I look at all of that and the various challenges posed and they seem nearly impossible to address. Except one. EASY access to purchase an AR-15 assault rifle.

What stands in the way of eliminating legal access to assault rifles to anyone but law enforcement? What stands in the way of adding previously investigated people with the potential to commit terroristic acts from the “no you can’t buy a gun” list in the same way as they can be added to the “no you can’t board an airplane” list?

The idolatrous, fanatically religious, notion that guns protect us. And it is a fanatically religious notion in that the facts, real numbers, real life experience, simply do not support it.

Dr. King said that he couldn’t make a man love him but he could see that laws were passed so that he couldn’t lynch him. That is common sense. That is the purpose of government.

If anything can redeem the insanity of Orlando it is this.

  1. To recognize that marginalized people will always be easy targets for hatred. LBGT, and every other minority community, have long suffered, and will continue to suffer, even as they have striven so long to gain a voice, an identity, and claim their civil rights. No one in that club did a damn thing to deserve what happened and that couple in Miami had every right to kiss in public. That’s what people do in Miami! The problem existed ONLY in the shooter’s mind and his failure to process his own thoughts and feelings.
  2. To enact and enforce common sense federal laws that restrict, reduce, and eliminate the on-going proliferation of weapons of mass destruction in our country. Australia and others have done it. We can too. We have to replace common $en$e with common sense.
  3. Religious communities have to continue to name and reject idolatry within our own ranks. As a Christian, I have to give that the “What would Jesus have me do?” test. That begins for me by looking at what Jesus actually did. He didn’t criticize the religion of the woman at the well although his own faith wouldn’t have allowed him to even have a conversation with her. And yes, Peter had a sword when Jesus was arrested. Jesus told Peter to put the sword away and he healed the ear of the man Peter lashed out at. As a follower of Jesus, I am against civilians using weapons to do violence against others. I am against promoting hate, mistrust, and mischaracterization of other religions.
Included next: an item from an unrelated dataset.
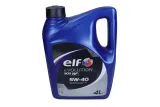 olej-silnik-5w40-elf-evolution-900-nf-5l-klasa-lepkosci-sae-5w-40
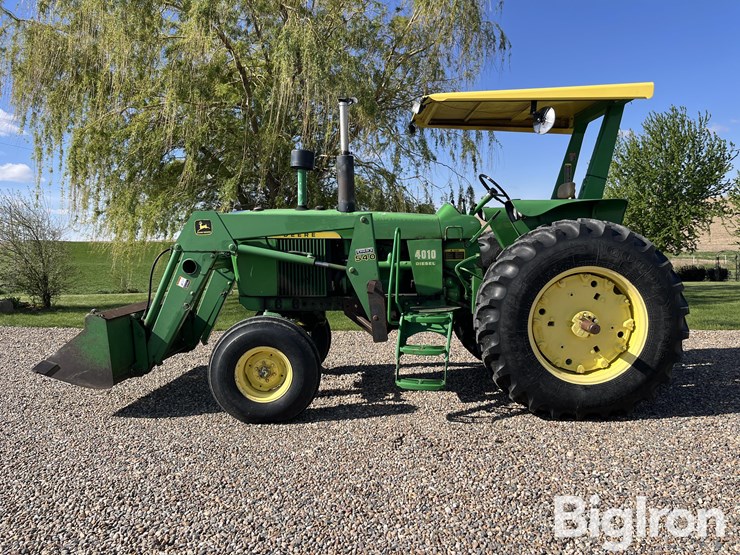 john-deere-4010-image-8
Full disclosure: I have a concealed handgun permit issued by the state of Texas. I got it anticipating a motorcycle trip to Alaska and I was afraid of animals. I bought a handgun. Then I bought another. Because of Canada’s seriously restrictive laws against bringing guns across the border, I left my gun at home.

Even as I took the class to get the permit, I already knew the statistics. If I brought a hand gun into my home the overwhelming facts say that the people most in danger from that gun would be my family or myself.
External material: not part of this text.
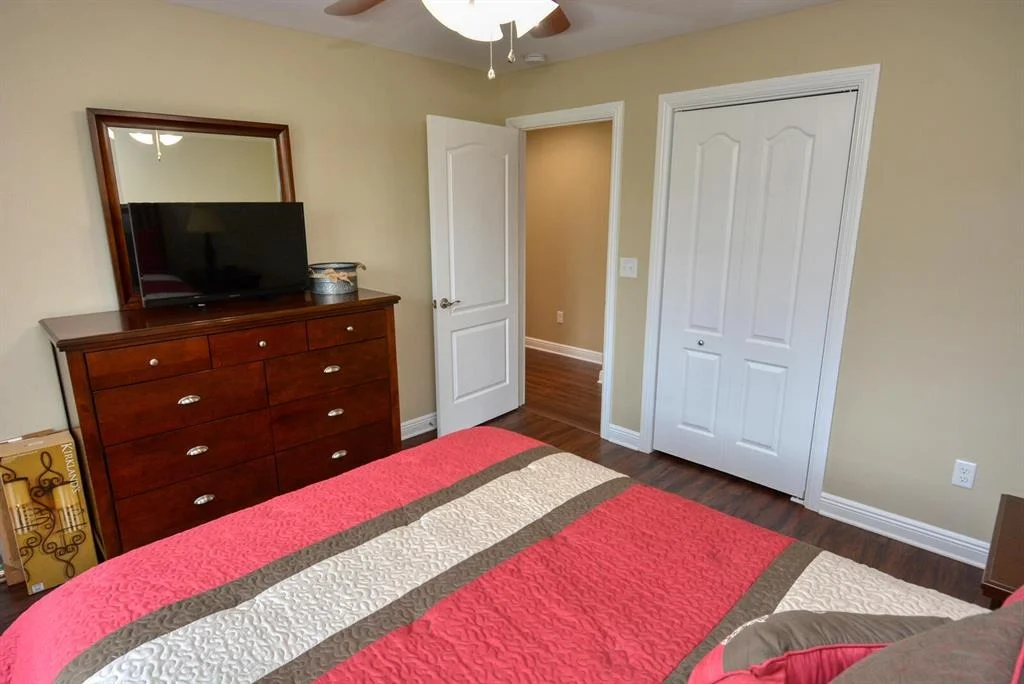 Photo of 17600 Pineapple Lane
Then came the slaughter at Sandy Hook and I had enough. I announced to my congregation that I would getting out of the gun culture. I brought my guns to a local gun shop and left them on the counter. The guy behind the counter asked what I was doing and I told him, “I’m not leaving with these. You can do whatever you want with them.”

What did that cost me? Personally it cost me nothing. Kelley was very relieved that we no longer had access to guns. Professionally, I had families leave the church I serve because I am too “liberal.”
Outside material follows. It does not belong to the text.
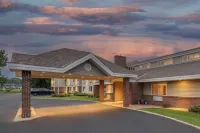 SureStay Plus Hotel by Best Western Litchfield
I did what I thought Jesus would have me do. I’m doing it here again with post.

As for the people who would leave our congregation because of my response to the tragic deaths of FIFTY people and the wounding of FIFTY+ more, in a culture where such tragedies have become COMMON, so be it. I hate to see and I grieve their leaving.

And should they then find another congregation that blesses the idolatry of gun ownership for purposes other than hunting and target practice, then that just goes to show that Christianity has its own dangerous extremists that need to be exposed and opposed as every other religion.

Christianity is not a religion of blind faith. Jesus opened the eyes of the blind. Seeing reality for what it is in central to Christianity. Facts and actual lived human experience matters to Christianity. “How will this ACTUALLY AFFECT real human lives?” is a question embraced by Christianity.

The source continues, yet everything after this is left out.